Data supplied:
###

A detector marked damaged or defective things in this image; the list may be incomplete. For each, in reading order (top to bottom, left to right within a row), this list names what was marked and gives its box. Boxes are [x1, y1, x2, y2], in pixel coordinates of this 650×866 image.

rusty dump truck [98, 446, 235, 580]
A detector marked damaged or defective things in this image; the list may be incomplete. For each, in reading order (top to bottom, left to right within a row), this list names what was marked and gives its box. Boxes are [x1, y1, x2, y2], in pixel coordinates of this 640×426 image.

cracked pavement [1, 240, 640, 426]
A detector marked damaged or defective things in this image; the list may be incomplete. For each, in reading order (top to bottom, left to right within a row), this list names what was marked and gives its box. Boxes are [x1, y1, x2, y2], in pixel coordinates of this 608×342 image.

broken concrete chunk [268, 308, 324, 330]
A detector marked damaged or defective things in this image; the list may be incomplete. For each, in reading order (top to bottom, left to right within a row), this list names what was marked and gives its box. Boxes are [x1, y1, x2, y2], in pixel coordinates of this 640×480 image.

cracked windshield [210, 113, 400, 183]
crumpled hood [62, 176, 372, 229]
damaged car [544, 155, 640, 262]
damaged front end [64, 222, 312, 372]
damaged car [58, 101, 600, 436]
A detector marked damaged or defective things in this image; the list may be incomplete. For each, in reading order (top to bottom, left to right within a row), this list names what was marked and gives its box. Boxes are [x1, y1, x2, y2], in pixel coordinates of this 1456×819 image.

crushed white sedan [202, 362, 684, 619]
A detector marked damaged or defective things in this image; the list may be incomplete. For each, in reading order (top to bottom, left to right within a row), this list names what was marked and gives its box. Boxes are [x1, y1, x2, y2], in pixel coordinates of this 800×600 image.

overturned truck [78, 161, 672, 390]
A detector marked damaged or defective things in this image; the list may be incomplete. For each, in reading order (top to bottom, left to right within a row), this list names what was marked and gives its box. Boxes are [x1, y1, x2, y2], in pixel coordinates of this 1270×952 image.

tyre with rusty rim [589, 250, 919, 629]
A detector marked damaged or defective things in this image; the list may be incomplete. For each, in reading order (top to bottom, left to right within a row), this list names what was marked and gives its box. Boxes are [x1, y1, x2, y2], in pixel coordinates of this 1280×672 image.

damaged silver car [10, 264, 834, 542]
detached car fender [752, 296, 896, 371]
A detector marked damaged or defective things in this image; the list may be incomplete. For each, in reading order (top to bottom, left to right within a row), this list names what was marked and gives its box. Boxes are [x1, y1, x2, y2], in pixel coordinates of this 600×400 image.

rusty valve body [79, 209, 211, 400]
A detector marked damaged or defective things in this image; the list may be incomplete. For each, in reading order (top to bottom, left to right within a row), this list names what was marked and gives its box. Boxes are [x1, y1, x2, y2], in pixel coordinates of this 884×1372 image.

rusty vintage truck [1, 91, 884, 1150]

###

Exercise goal: Write out exactly the lines from the line containing "this 884×1372 image." to the end of the listing above, both included, and nothing else.

Your response:
A detector marked damaged or defective things in this image; the list may be incomplete. For each, in reading order (top to bottom, left to right within a row), this list names what was marked and gives its box. Boxes are [x1, y1, x2, y2], in pixel coordinates of this 884×1372 image.

rusty vintage truck [1, 91, 884, 1150]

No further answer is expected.